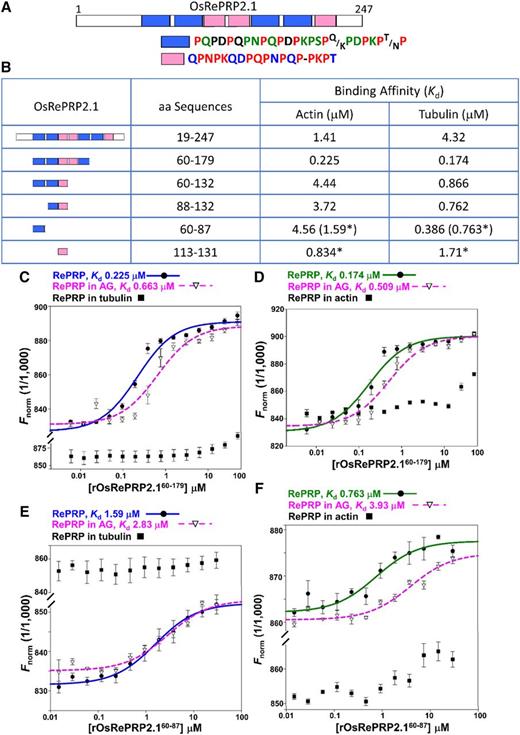 In vitro interactions of rOsRePRP2.1 and actin/tubulin. A, Segmental repeat organization of OsRePRP2.1. The diagram shows the full-length amino acid sequences analyzed by RADAR (http://www.ebi.ac.uk/Tools/pfa/radar/). The repeat modules of OsRePRP2.1 are represented as blue and pink blocks and the nonrepeat regions as white blocks. The percentages of each amino acid in the sequences are distinguished by color and letter codes: red for 100%, green for >75%, blue for >67%, black for >50% and a dash for nonconsensus amino acids. B, Binding affinity of rOsRePRP2.1 with actin/tubulin. In vitro binding assays were conducted with MST, and the binding affinity is indicated by Kd. Asterisks indicate the binding affinity with synthetic peptides. C to F, Binding isotherms for rOsRePRP2.160–179 (C and D) and synthetic peptides OsRePRP2.160–87 (E and F) to rabbit muscle actin (C and E) and porcine brain tubulin (D and F). Rabbit muscle actin and porcine brain tubulin were fluorescently labeled with AlexaFluor 647 and kept at a constant concentration of 1.2 to 1.5 nm. The binding of OsRePRP2.1 alone to actin and tubulin is represented as blue and green curves, respectively, and the binding of OsRePRP2.1 in the presence of AG is represented as pink-dashed curves. Solid circles indicate rOsRePRP2.160–179 alone (C and D) and synthetic peptides OsRePRP2.160–87 alone (E and F). Open triangles represent rOsRePRP2.160–179 (C and D) and OsRePRP2.160–87 (E and F) in the presence of 250 μm AG. Solid squares indicate rOsRePRP2.160–179 and synthetic peptides OsRePRP2.160–87 in the presence of 25 μm porcine brain tubulin (C and E) or 57.5 μm rabbit muscle actin (D and F). Data are means ± sd of three technical repeats. G-actin and αβ-tubulin dimers were used, and at least two independent batches of recombinant proteins or synthetic peptides were subjected to the binding assays.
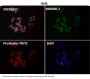 Anti-Caspase-9 CASP9 Rabbit Monoclonal Antibody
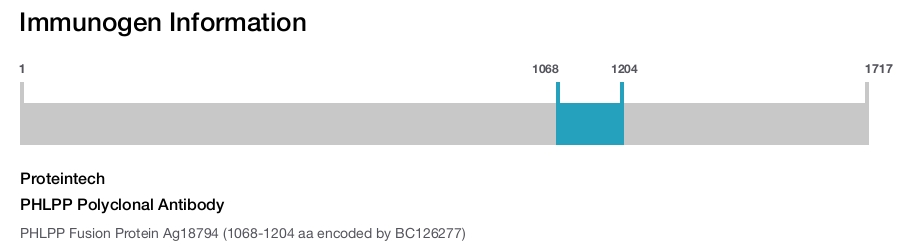 PHLPP Polyclonal Antibody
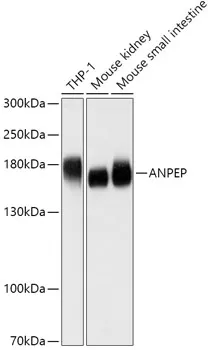 ANPEP Polyclonal Antibody - image 1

What the task requires:
Please return only the lines from the one holding "PHLPP Polyclonal Antibody" through the end of the data, both ends included; do not copy any pictures.

Response:
 PHLPP Polyclonal Antibody
 ANPEP Polyclonal Antibody - image 1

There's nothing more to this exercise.